Ahora, a pesar del tiempo, del desconocimiento, de las muertes que han acallado los puntos de fuga de la historia que pasa a traves de mí, mi abuelo y yo estamos unidos por algo que se parece más a una broma de mal gusto que a una casualidad curiosamente literaria. Él y yo estamos pintados y colgados en la iglesia del pueblo, esa que dicen que él ayudó a incendiar y que yo hace siglos que no piso por convicción y desidia. Él está representado como un Jesús yacente, yo como un querubín rollizo sujetando a una virgen que asciende beata y robusta. Ya he señalado que el hermano de mi abuela fue pintor, profesor de dibujo de la Escuela de Artes y Oficios de San Fernando durante cuarenta años. Antítesis de mi abuelo en lo concerniente a la religión, la relación entre ellos es una de las mayores lagunas de mi historia. A pesar de esa confrontación ideológico-religiosa, mi abuelo le sirvió voluntariamente de modelo todas las veces que mi tío representó a Jesucristo. Me cuesta imaginarlos a los dos, sabiendo lo que deberían saber el uno del otro, uno pintando y el otro posando. Cuando se colgó el cuadro del Cristo yacente en la iglesia de Manzanares, no sé si asistió mi abuelo a tan solemne ceremonia ni que pensó al respecto, viéndose colgado, casi desnudo y apaleado, con esa delgadez fruto de una neumonía mal curada, mostrando unas heridas que muchos de los que se las provocaron se santiguarían al verle, muerto en ese lugar, principio y fin de las cosas más sombrías de la España más triste. A veces doy vueltas y vueltas a eso y me pierdo en laberintos extraños que no logro entender y que me obsesionan sabiendo que nunca encontraré la explicación que me saque de allí.

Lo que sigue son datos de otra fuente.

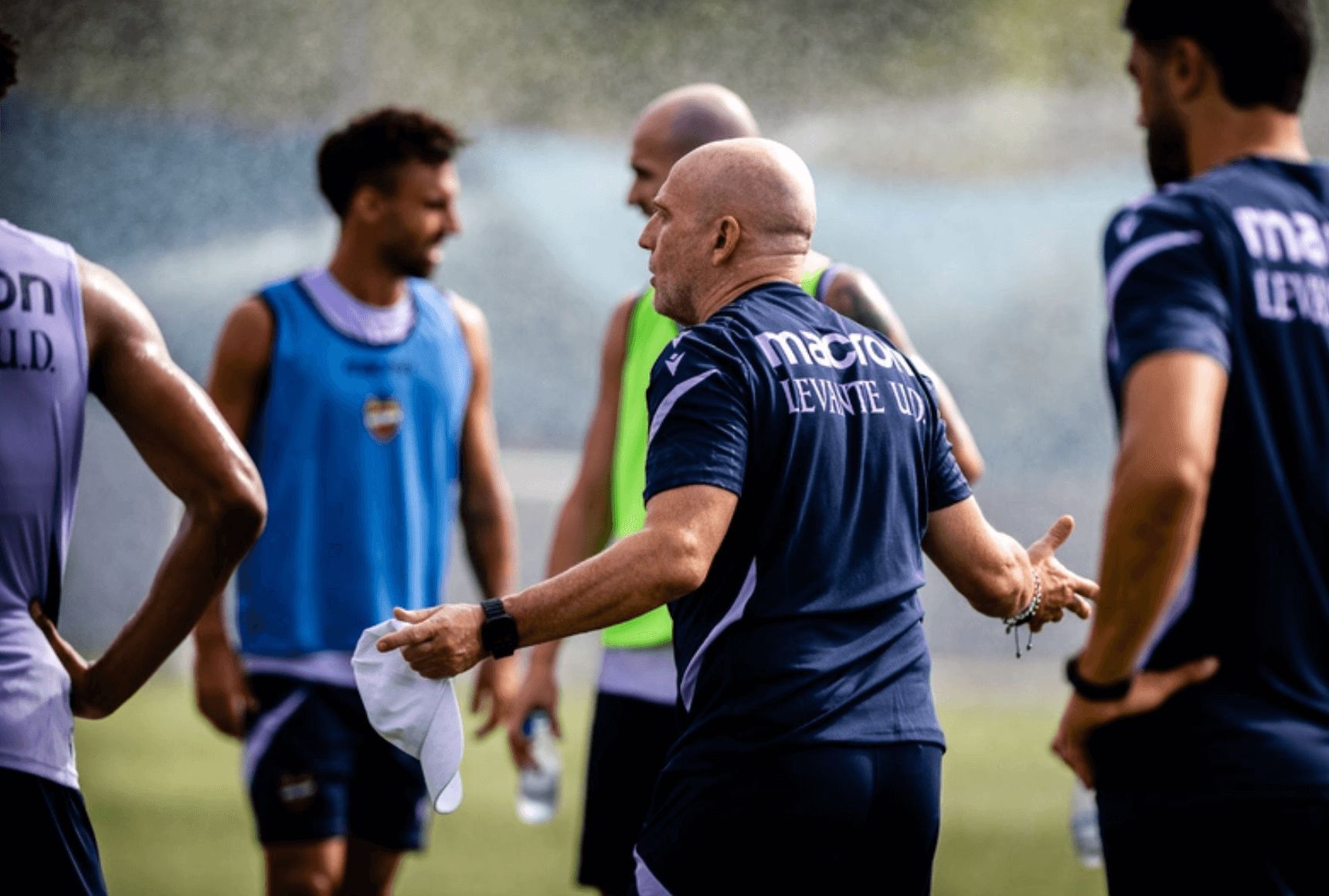  Julián Calero, durante un entrenamiento con el Levante.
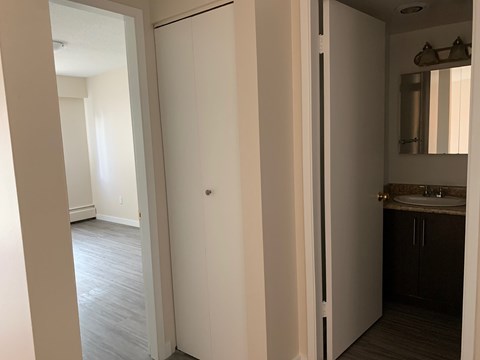 Floor plan for 1 bed, 1 bath, 600 sqft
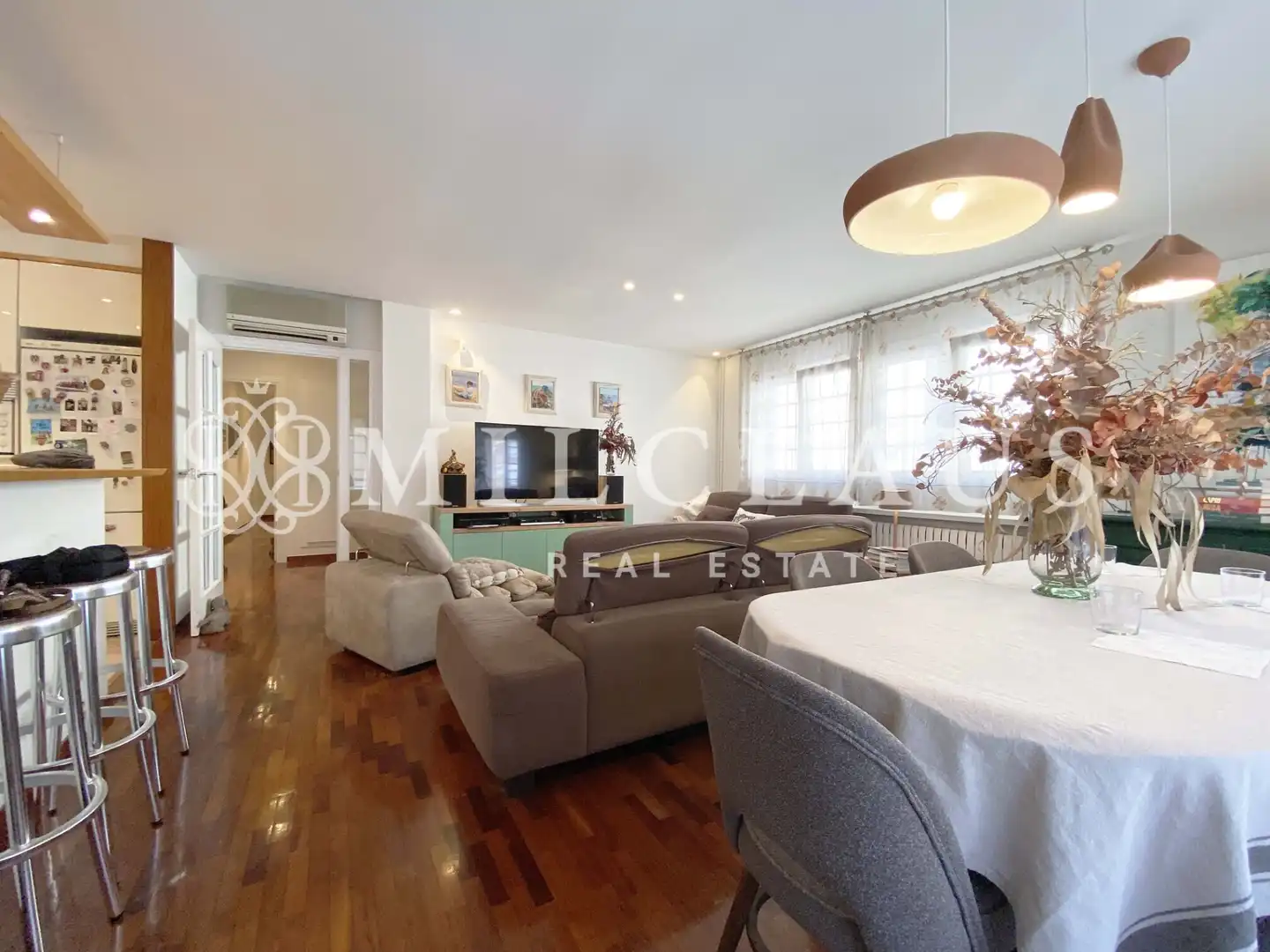 Exterior view of Flat for sale in Centre - Sant Oleguer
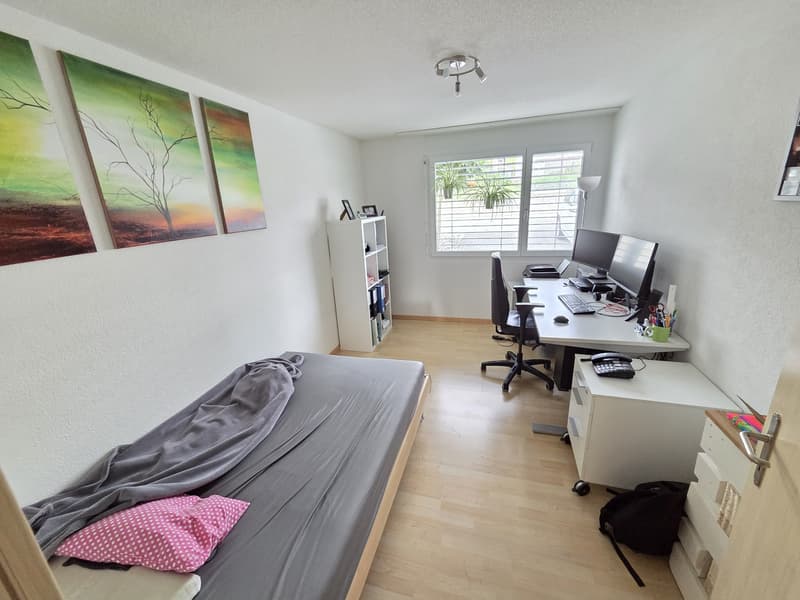 Gemütliche 4.5 Zimmer Wohnung in Hausen (4)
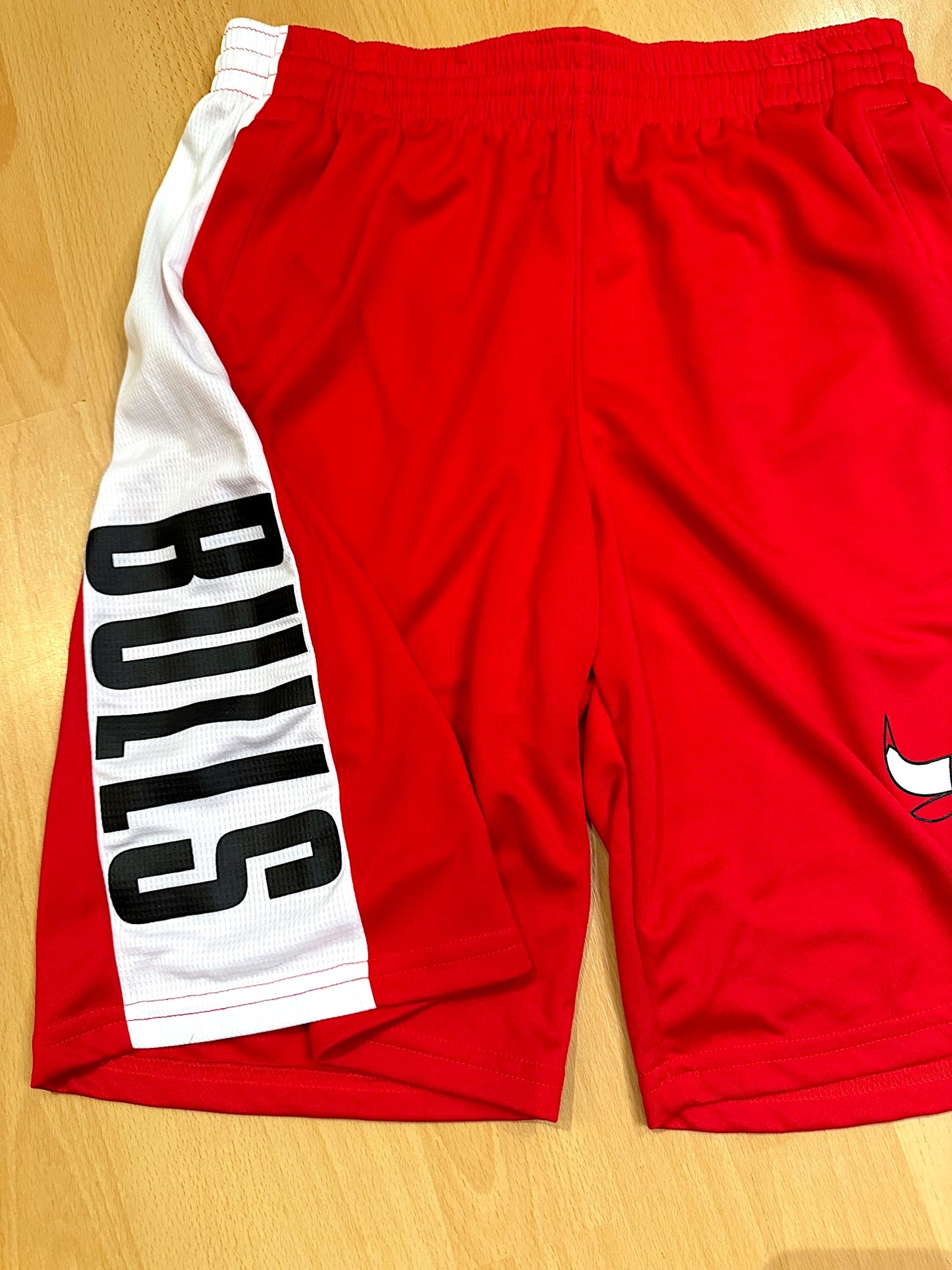 ADIDAS CHICAGO BULLS "CLIMALITE" BASKETBALL SHORTS  SZ: L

Yo también estoy colgado en la misma iglesia, pero a diferencia de él, yo no posé voluntariamente. Yo era muy pequeño cuando se pintó ese cuadro, aunque ya había sobrepasado la edad para ser un querubín convincente alguna vez me mandaron al estudio de mi tío y él cogió apuntes de mi cara; para el cuerpo se valió de fotos viejas mías, de mis hermanas y de mis primos. Y ahí estamos todos, como angelitos inocentes, repartidos nuestros rasgos en rollizos iconos alados. Mi tío nunca quedó satisfecho con ese cuadro de la ascensión de la Virgen, pintado por obligación y hecho con cierta desidia del que hace tiempo que pinta por puro placer y sin quererlo se encuentra pintando por encargo algo para lo que sabe que ya no está tan capacitado. Sin embargo del cuadro del Cristo sí estaba contento, más de una vez me lo dijo cuando al salir de la iglesia yo lo esperaba y mascullaba que menos mal que también estaba ahí ese cuadro, pero cuando yo podía preguntarle más cosas no lo hice, y ahora miro ese cuadro y me pregunto muchas cosas, más que cuando miro a mí y a mis hermanas y primos revolotenado torpes en un cielo falsamente celestial, y me pregunto por mi abuelo, por qué pensaría, qué pensó, qué pudo sentir después de todo, y vertebrando todas esas preguntas solamente la ironía, el sarcasmo y el dudoso sentido del humor de eso que llamamos historia. Con el tiempo, y sobre todo ahora que me he armado de valor y he entrado en la iglesia a hacer la torpes fotos que atestigüan esta broma quizá macabra, la rabia, la vergüenza y lo sombrío han dado paso a cierta mueca socarrona, a casi una sonrisa malévola, a un incierto orgullo de perdedor al sentir que eso que miran algunos con devoción no son más que dos ateos fingiendo, uno ser el hijo de (un) dios y, otro, uno de sus tiernos esbirros.

2 comentarios:

Teo Serna dijo...

La vida es muy puta, sí. Pero hay que reconocer que, a veces, te hace sonreir (que no reir), como si se empeñara en reconciliarnos con ella.

Juan Almohada dijo...

Muy buena historia, Juan Miguel, que me ha traído a la memoria un dicho de mi pueblo que decía algo así como que "quien habla de la pera, se traga hasta el rabo". Aunque la expresión va dirigida principalmente a los que pecan de cotillas y habladores, yo creo percibir en ella ese matiz irónico y canalla de las jugarretas que con frecuencia nos juega el destino.